Identification and characteristics of a cathepsin L-like cysteine protease from Clonorchis sinensis

Cathepsin L-like protease is an important member of the papain-like cysteine protease and plays numerous indispensable roles in the biology of parasitic organisms. In a previous study, we identified a gene encoding a cathepsin L-like protease of Clonorchis sinensis (CsCPL) that was detected in the cercaria, metacercaria, and adult worm stages by immunolocalization, suggesting that this cysteine protease may be important and involved in the development of C. sinensis.
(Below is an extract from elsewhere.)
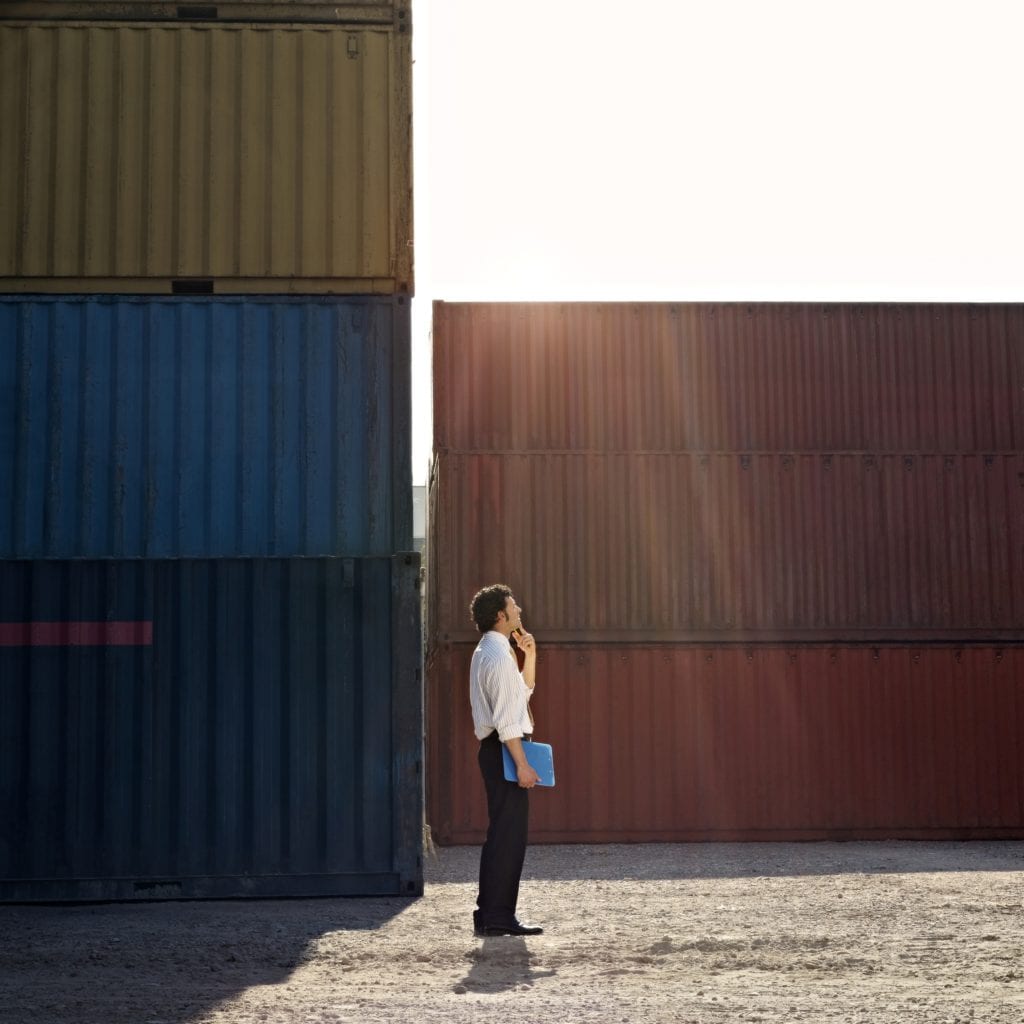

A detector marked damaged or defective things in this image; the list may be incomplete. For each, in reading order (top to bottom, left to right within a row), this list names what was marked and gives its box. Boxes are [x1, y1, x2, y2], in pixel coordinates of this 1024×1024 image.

In this study, the mature domain of CsCPL (CsCPL-m) was cloned and expressed in the form of inclusion bodies in Escherichia coli. After refolding, the recombinant CsCPL-m displayed optimal protease activity towards Z-Phe-Arg-AMC substrates but not towards Z-Arg-Arg-AMC, and the activity of the protease was inhibited completely by the cysteine protease-specific inhibitors E-64 and IAA, which further demonstrated that CsCPL belongs to the cathepsin L-like cysteine protease family. Recombinant CsCPL-m exhibited considerable activity at temperatures ranging from 28 to 42 degrees C, with the highest activity observed at 42 degrees C. Furthermore, recombinant CsCPL-m exhibited activity across a broad range of pH values (pH4.0-8.0), with an optimal pH of 5.5. The Km and Vmax of the recombinant CsCPL-m towards Z-Phe-Arg-AMC were determined to be 5.71x10(-6)M and 0.6M/min, respectively, at 37 degrees C and pH5.5. The recombinant CsCPL-m could degrade BSA and gelatine, but could not degrade human hemoglobin and human immunoglobulin G. These results implied that CsCPL might participate in the catabolism of host proteins for nutrition during the parasitic life cycle of C. sinensis; thus, CsCPL could be used as a potential vaccine antigen and drug target against C. sinensis infection.